IMHO, there are only two Genesis stories. One informs us of a Creator, the other starts with "In the Beginning there were particles ..." The latter posits that the reason we are having this conversation is because the orientation and energy states of certain particles in the Big Bang made it inevitable. That to me takes more blind faith than the former.

Just to be clear, you're saying that "there just happens to be a Being capable of creating universes" is more likely than "there just happens to be particles and laws of the universe that can eventually lead to intelligence". Well, at this point argument is really impossible.

Comment Re:Tip of the iceberg (Score 1) 669

The danger of a free society is that people are allowed to believe whatever they want to believe in. This means you'll get a lot of people believing things, not because it is the most likely thing to be true (the standard scientific explanation) but because it sounds cool (god or ancient aliens created us). It's fine if a few people believe these fringe theories that fly in the face of scientific evidence, but there's a tipping point where if you have enough people disregarding science, you could get something like the Islamic State.

Comment Re:Bone a Neanderthal (Score 1) 128

Someday they'll figure out "Neanderthal" is a completely artificial distinction, like "White Aryan", and the scientific consensus will be that Neanderthals R Us.

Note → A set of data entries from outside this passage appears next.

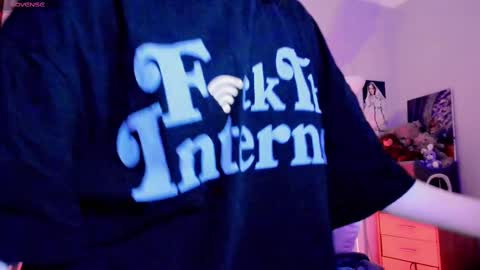 alaska_chan_ online show from February 2025 06:05:02 PM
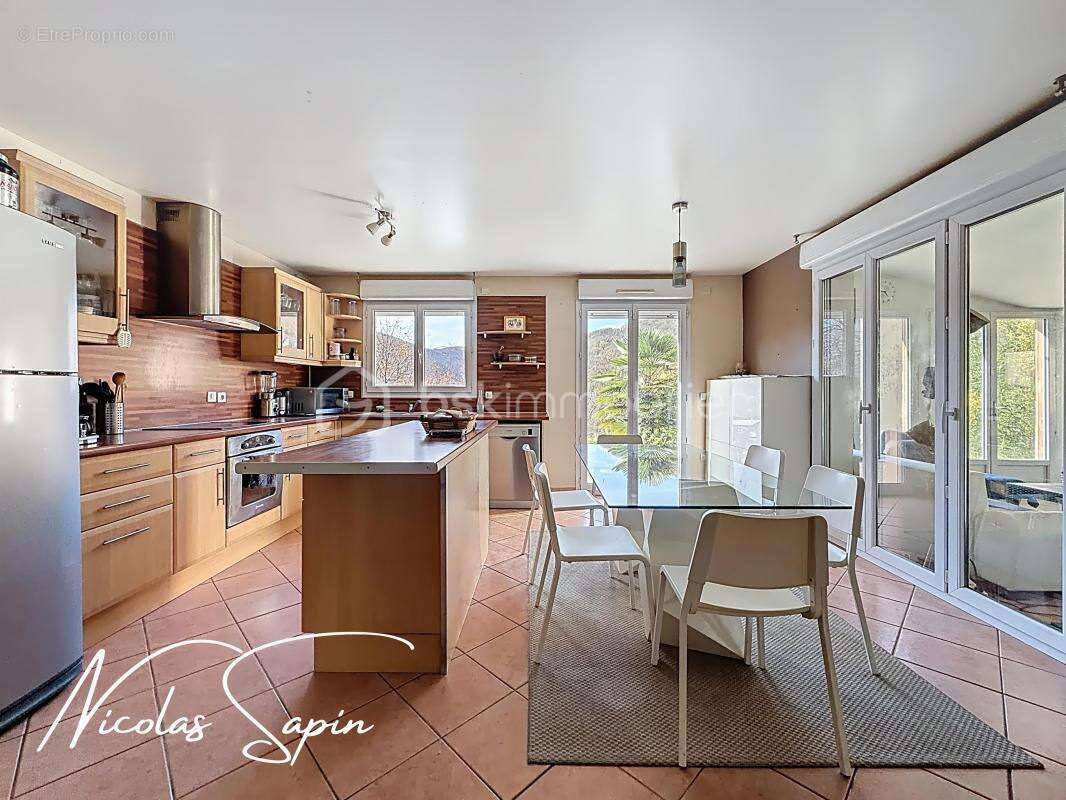 Maison à SECHILIENNE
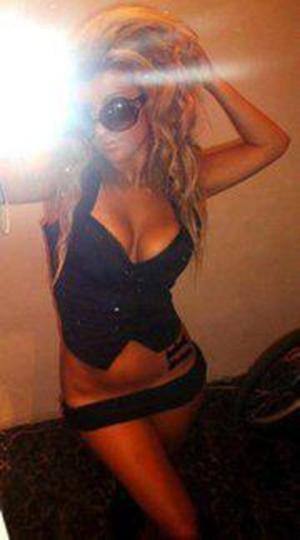 Alexandrea (22) in Quebec | Discreet Private Dating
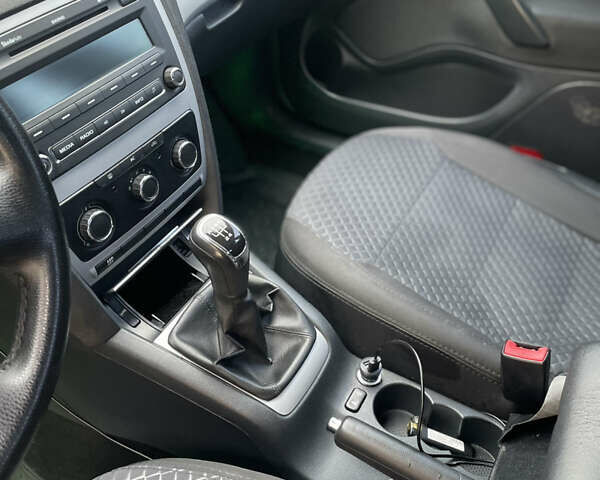 Сірий Шкода Октавія, об'ємом двигуна 1.6 л та пробігом 175 тис. км за 7600 $, фото 11 на Automoto.ua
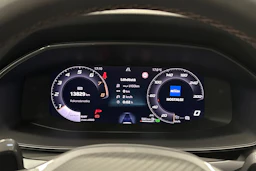 musta CUPRA Formentor 2025 kuva 17.
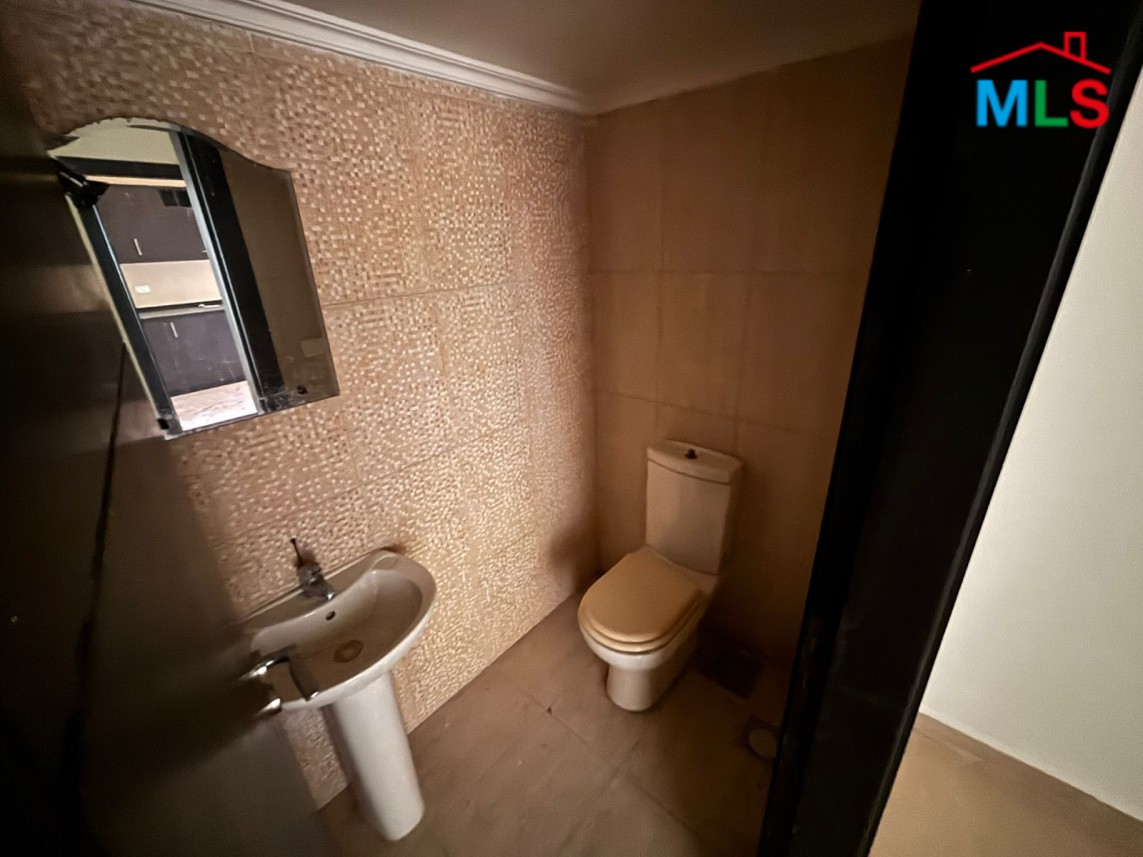 Unfurnished Apartment brand new For Rent in Mazraat Yachouh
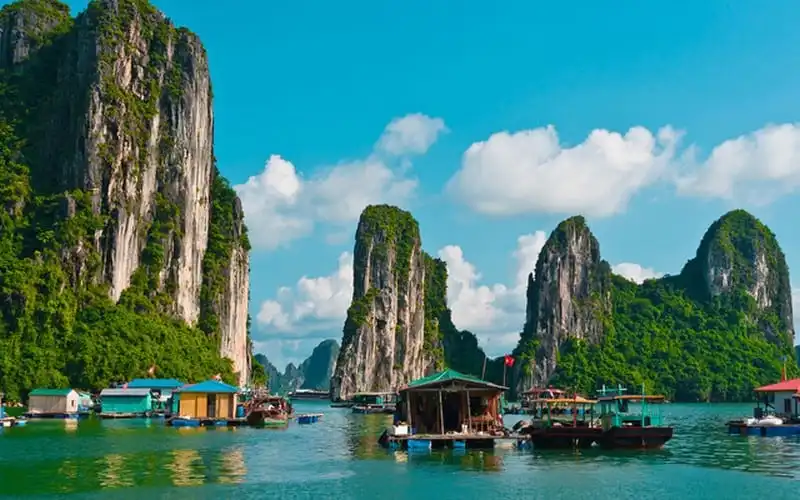wanderlust-tips-du-lich-viet-nam-hap-dan-trong-goc-nhin-bao-nuoc-ngoai-1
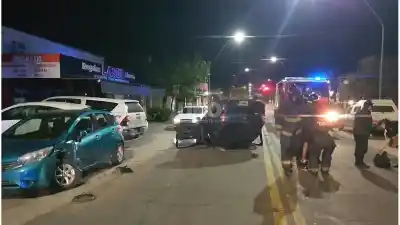 Un militar volcó en General Paz y su auto terminó contra los estacionados: qué le pasó al conductor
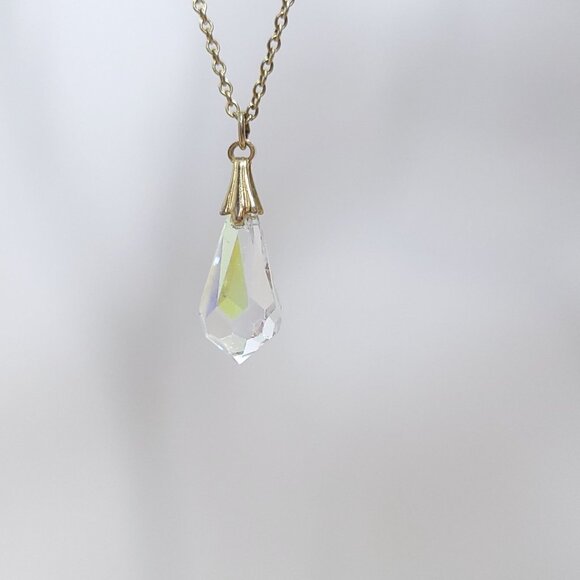 Vintage Sarah Coventry Gold Tone Teardrop Pendant Necklace 19 inches long - Picture 12 of 14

If by "artificial distinction" you mean the classification of lifeforms into different groups based on physical and genetic characteristics, the boundaries of those classifications made by scientists, then you have a valid point. A species is generally understood as a population that can interbreed and produce viable offspring. Homo sapiens and homo neanderthalis obviously can do so, so they should be the same species. However, there is a valid argument for them being classified a subspecies, due to measurable physical and genetic differences.